Karena terkendala dengan tidak adanya du’at salafiyyin di kota kami, padahal gairah menuntut ilmu dari ikhwah Atambua yang cukup tinggi, maka terbersit ide dari kami untuk mengadakan kajian via phone (kajian melalui sambungan handphone). Dengan berbekal pengalaman Al Akh Luqman yang cukup kenal dengan sejumlah ikhwan dan asatidzah salafiyyin di Jawa dan di beberapa daerah lainnya, maka Alhamdulillah ide ini pun dapat terlaksana.

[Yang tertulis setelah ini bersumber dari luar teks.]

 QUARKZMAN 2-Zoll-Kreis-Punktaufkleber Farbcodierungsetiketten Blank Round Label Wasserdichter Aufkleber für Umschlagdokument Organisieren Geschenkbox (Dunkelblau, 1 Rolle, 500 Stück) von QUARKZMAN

Kajian via phone bukan tanpa kendala. Banyak rintangan yang menghadang, termasuk dari sejumlah masyarakat yang tidak senang dengan dakwah ini. Alhamdulillah, Allah Azza Wa Jalla masih memberikan jalan bagi kami untuk menegakkan sunnah di daerah kami yang minoritas muslim ini. Meski Ta’lim/ Kajian hanya dapat dilakukan seadanya dengan via phone karena terkendala jarak yang jauh, namun kenikmatan menuntut ilmu akhirnya dapat terpenuhi. Kajian yang pada awalnya hanya diikuti oleh segelintir ikhwah, kini perlahan-lahan masyarakat awam pun mulai tertarik dan mengenal dakwah ini.

Semoga Allah berkenan untuk menjaga kami agar tetap istoqomah dan ikhlas dalam menuntut ilmu, terutama lagi kami berharap agar suatu saat nanti ada ustadz yang mau berkenan untuk datang langsung ke daerah kami dalam rangka menyebarkan dakwah, sehingga kami dapat duduk langsung berhadapan, untuk mengambil faedah di halaqah-halaqah ilmu

KOMUNITAS ISLAM DI FLORES TIMUR NTT

Kondisi masyarakat / komunitas Islam di Flores Timur
I. Masyarakat Islam asli Flores
Latar belakang mereka sama-sama penduduk bumiputra yang mula-mula menganut ‘agama asli’ atau meminjam istilah Bung Karno ‘orang kafir’. Dalam buku sejarah, agama asli biasa disebut animisme-dinamisme. Ketika datang agama baru, entah Katolik atau Islam, penduduk mulai konversi alias pindah agama. Agama asli identik dengan kekolotan atau primitivisme karena terkait erat dengan dukun-dukun serta kepercayaan alam gaib yang sulit berterima di alam moderen.

Karena sama-sama asli Lembata, Adonara, Solor, Flores Timur daratan, jemaat Islam ini benar-benar menyatu dengan umat Katolik atau penganut agama asli. Sama-sama diikat oleh adat, budaya, serta keturunan yang sama. Kalau diusut-usut, golongan ini punya hubungan darah yang sangat erat.

Fam atau marga saya, Hurek Making, misalnya, banyak yang menganut Islam. Bapak Muhammad Kotak Hurek bahkan jadi takmir Masjid Nurul Jannah di kampung. Muhammad Anshar Paokuma, keluarga dekat dari pihak ibu saya, malah imam masjid tersebut. Hubungan persaudaraan erat luar biasa.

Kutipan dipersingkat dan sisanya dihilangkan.